A June forecasting report by the company lists us as one of the metro areas with the "largest expected future depreciation." It projects that Baltimore prices will drop almost 29 percent from the beginning of this year to the "trough," whenever that might end up being. That puts us No. 6 on the biggest-expected-drop list, after New York, Fort Lauderdale, West Palm Beach, Salt Lake City and Miami.
Add in the drops the Baltimore area has already seen, and the economists expect a total price decline of about 37 percent.
Why? "Affordability is the main factor that puts Baltimore on this list," the economists write. They say Baltimore is one of the relatively few metro areas in which prices are still too high for typical family income.
By contrast, the economists project a 14 percent drop for the United States from the beginning of the year onward, for a grand total (peak to bottom) of about 42 percent.
The report considers affordability first and also looks at the amount of distressed property for sale, at unemployment, at the change in unemployment and at "home price momentum" -- that is, which direction (and how quickly) prices are moving. "Home price trends are highly self-perpetuating — downward movement begets more downward movement, and vice versa when prices are increasing," the economists write.

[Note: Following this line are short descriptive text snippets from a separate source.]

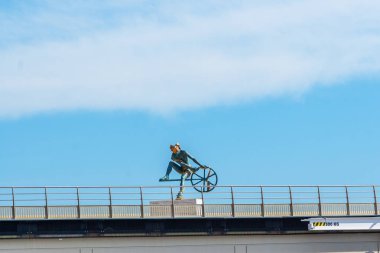 İskele mavi gökyüzü karşı Yaylası girişindeki nitelikli anıt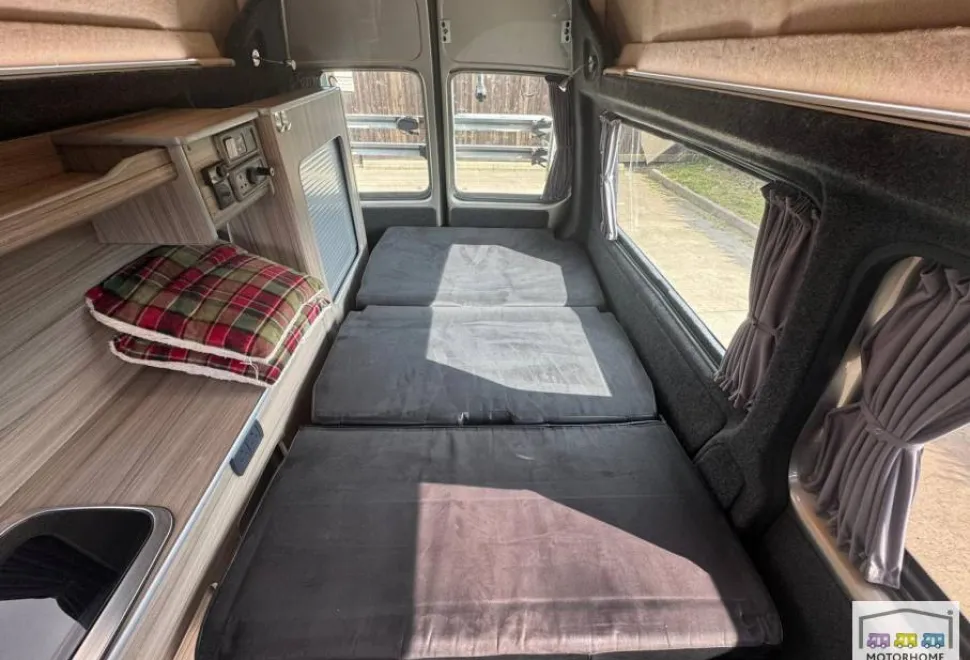 Volkswagen T30 Transporter  2009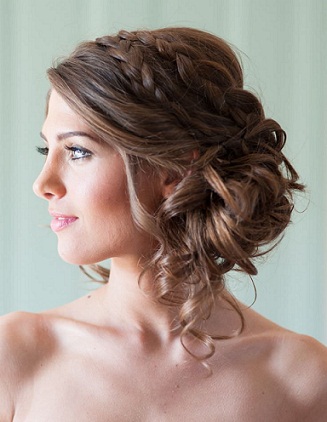 25 Trending Bridesmaid Hairstyles for Young Women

So, even though many metro areas are as affordable now as they ever have been (thanks in part to low interest rates), Deutsche Bank doesn't think the housing market has hit bottom yet:
Unfortunately, affordability is no longer the driving issue in the housing market, and we believe prices still have a ways to fall in many areas before home prices reach their trough. The bottom is getting closer, but we are not there yet. ... Foreclosures are still running at a very high pace. The U.S. unemployment rate is now 9.4%, and Deutsche Bank economists see that rate exceeding 10% by early 2010. While home sales activity has picked up in some regions, much of it reflects clearing of distressed inventory and is accompanied by falling prices.
Have you seen other recent home-price forecasts? Let me know so I can share them with everyone.
The Deutsche Bank economists also address an issue that several of you have been chatting about here in recent days: What impact do mortgage rates have on price?
Clearly, higher mortgage rates will reduce affordability; for markets that are only barely affordable now, the rate increase could put downward pressure on prices.